- EXERCISE PROMPT -
Starting at the first line of the material below, retype each line exactly until you reach the line with "AAA급 한치 500g, 15마리", which is also included; pictures stay out.

- DATA SUPPLIED -
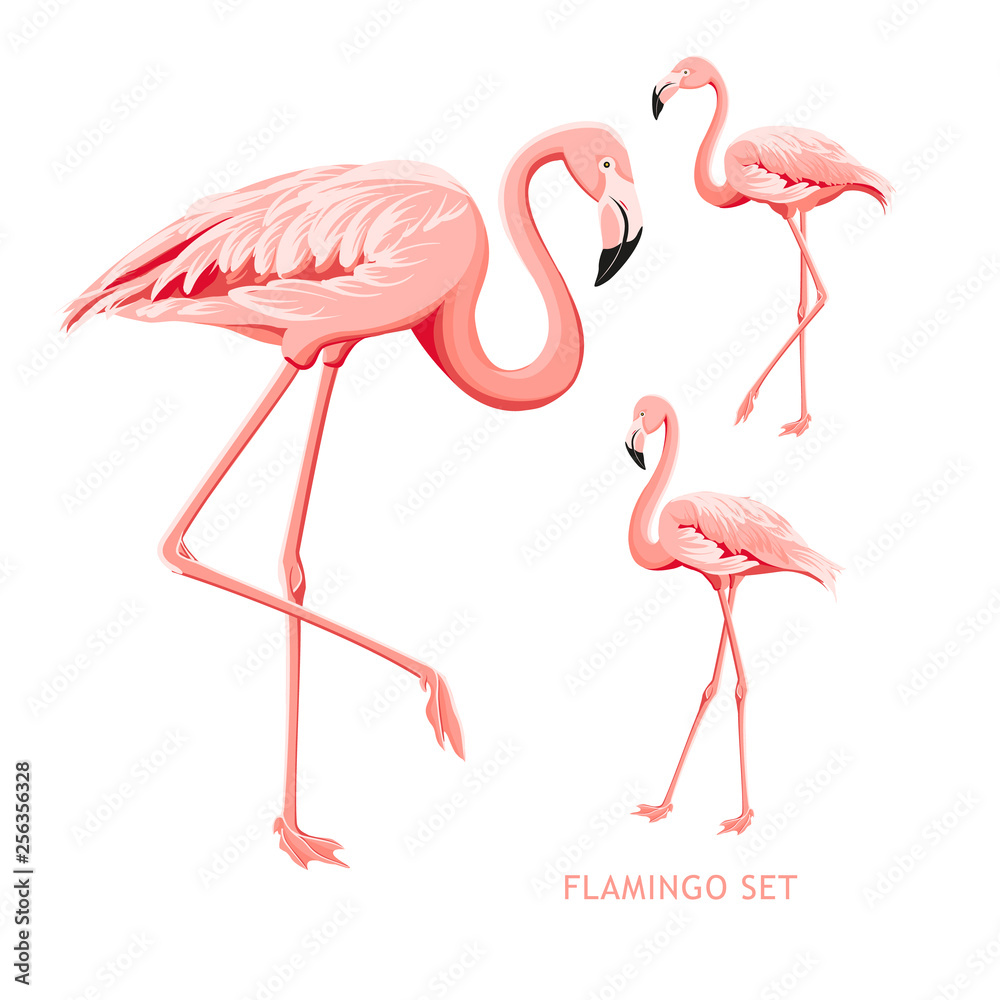 Fototapeta Tropical birds collection. Pink flamingos set. Fashion summer print bundle. Elements for invitation card and your template design. Vector illustration.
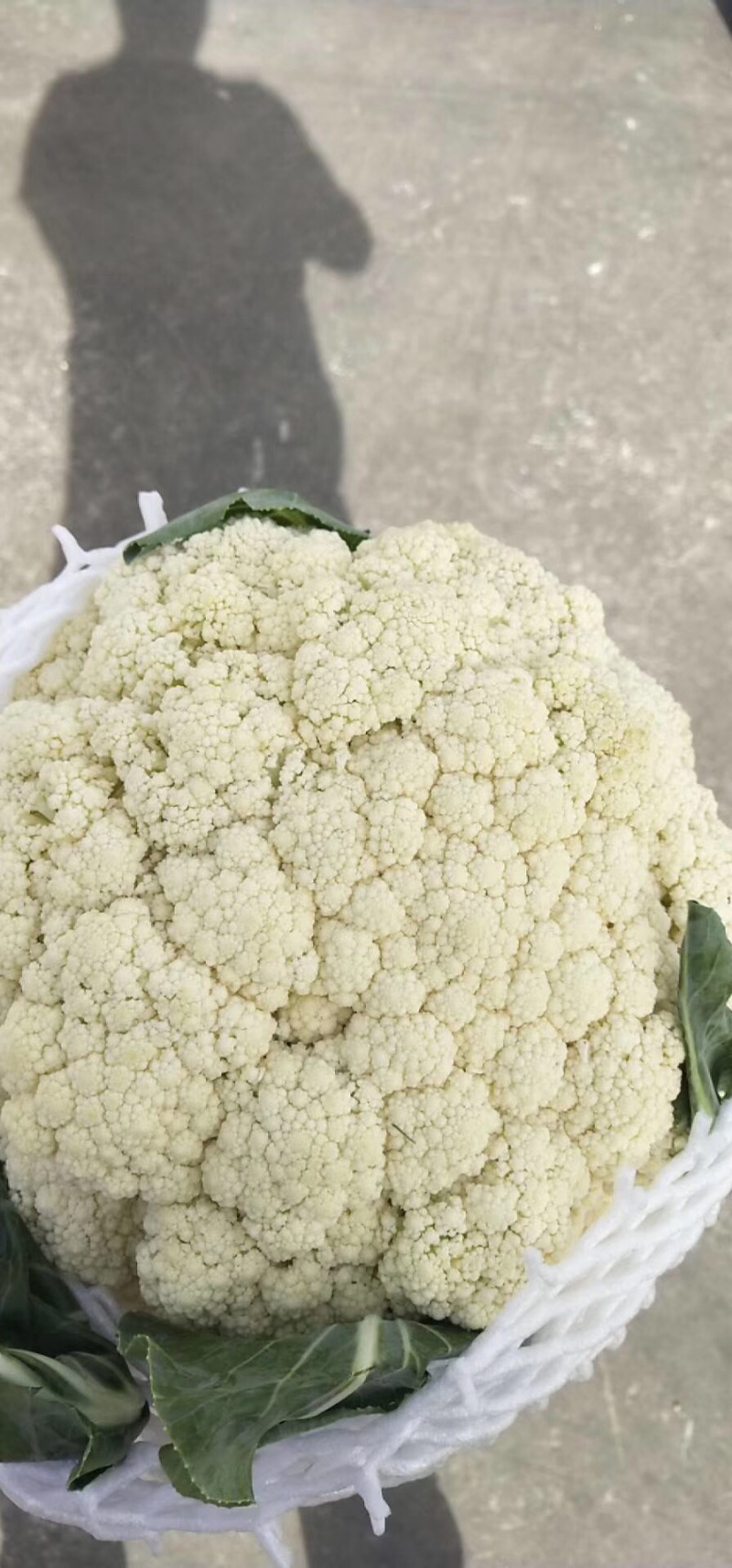 有机花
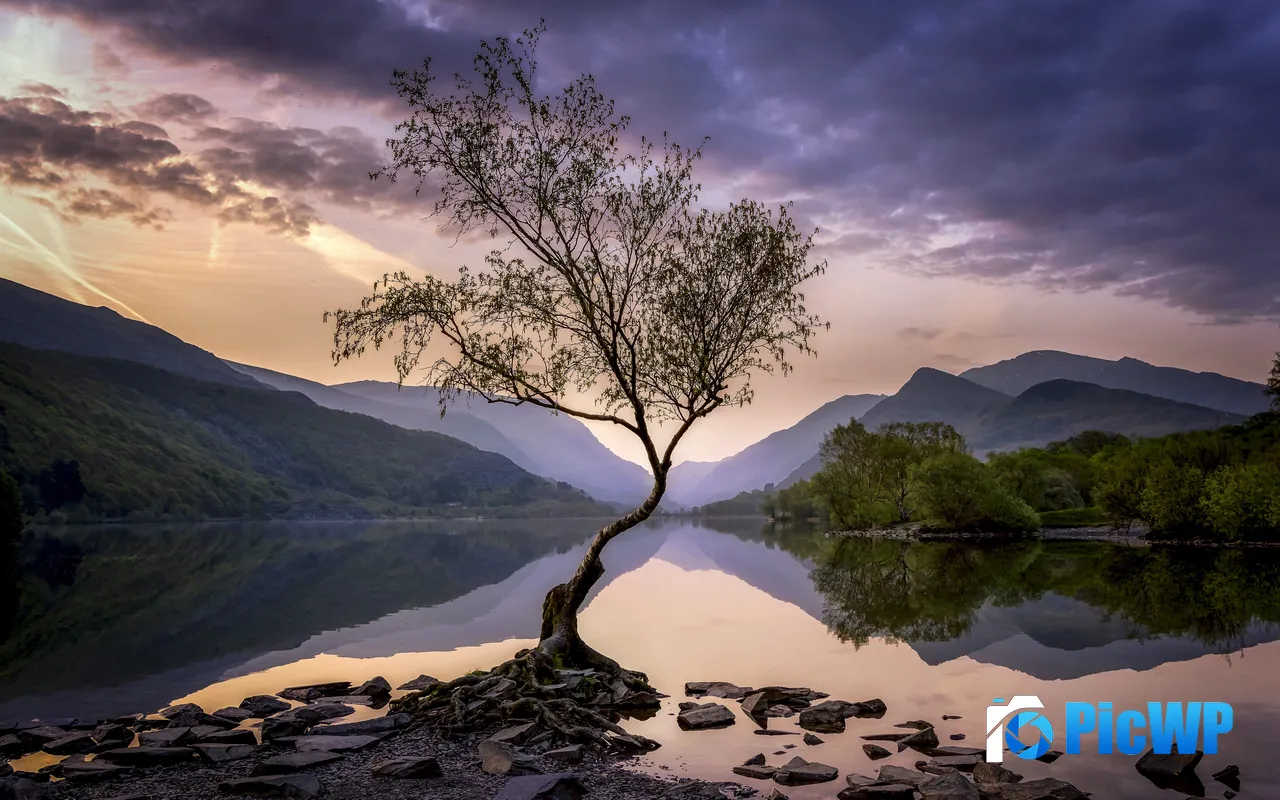 Lone Tree Lake Dawn <font color=red>Snow</font>donia National Park 5K PC Wallpaper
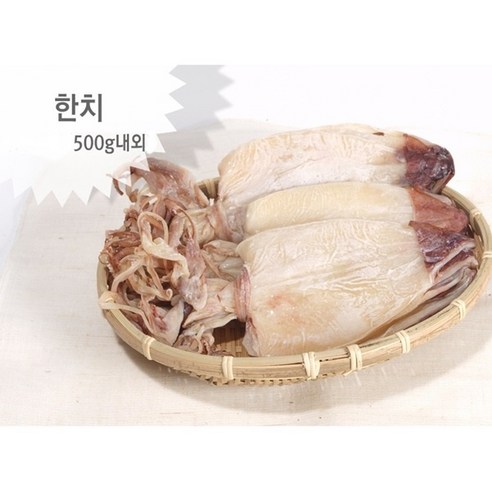 AAA급 한치 500g, 15마리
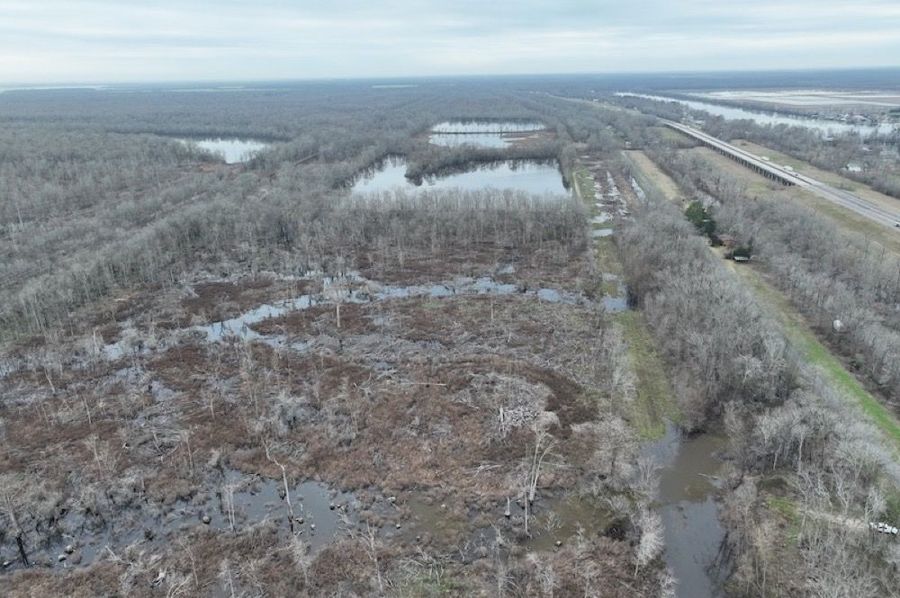 dji_fly_20250206_103528_974_1738862125110_photo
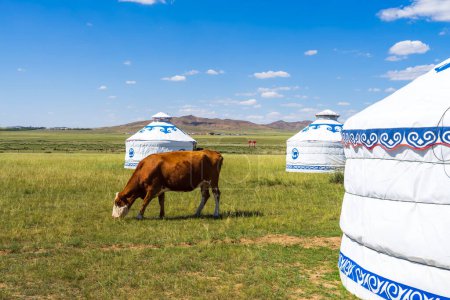 Cows and yurts under the blue sky and white clouds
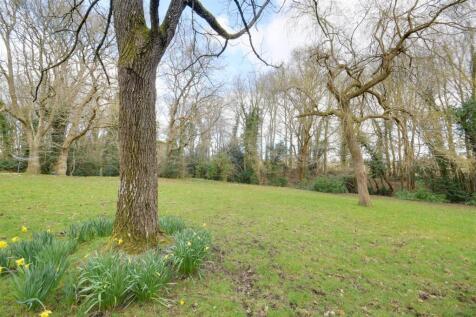 Property Image 41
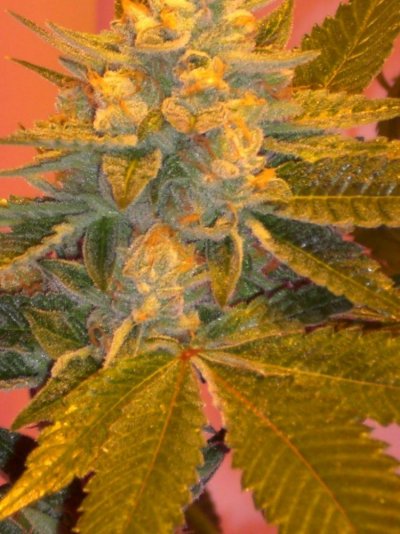 Alien Rock Candy in the 619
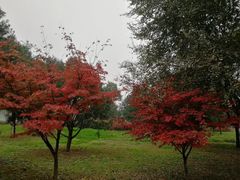 -洨河生态公园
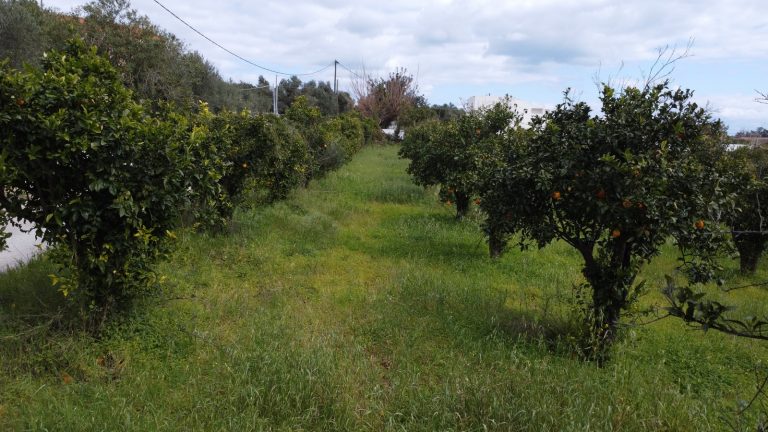 ountryside plot in Modi Crete with orange grove and open mountain views from ground level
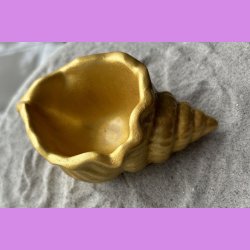 Konkylie buttet guld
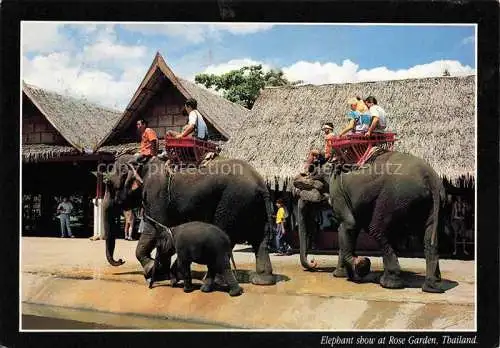 AK / Ansichtskarte  Elefant Thailand Rose Garden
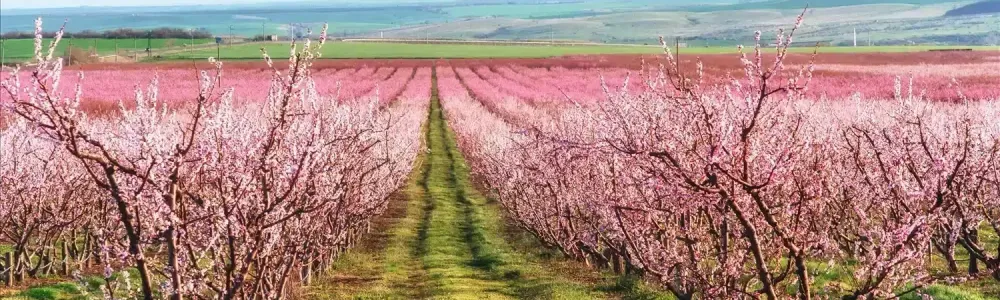 richly-blossoming-tree-garden-on-a-lawn-with-a-bea-2026-03-24-16-43-19-utc (1) (1)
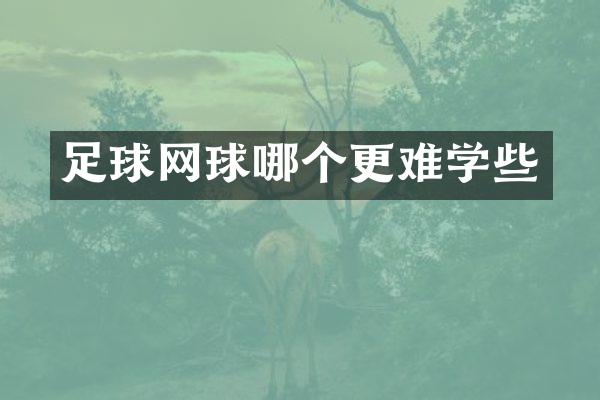 足球网球哪个更难学些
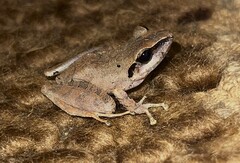 Secret Robber Frog photo 2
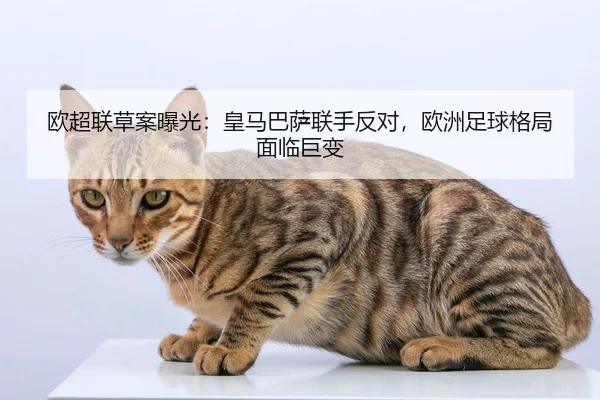 欧超联草案曝光：皇马巴萨联手反对，欧洲足球格局面临巨变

- SOLUTION FOR THIS EXERCISE -
 Fototapeta Tropical birds collection. Pink flamingos set. Fashion summer print bundle. Elements for invitation card and your template design. Vector illustration.
 有机花
 Lone Tree Lake Dawn <font color=red>Snow</font>donia National Park 5K PC Wallpaper
 AAA급 한치 500g, 15마리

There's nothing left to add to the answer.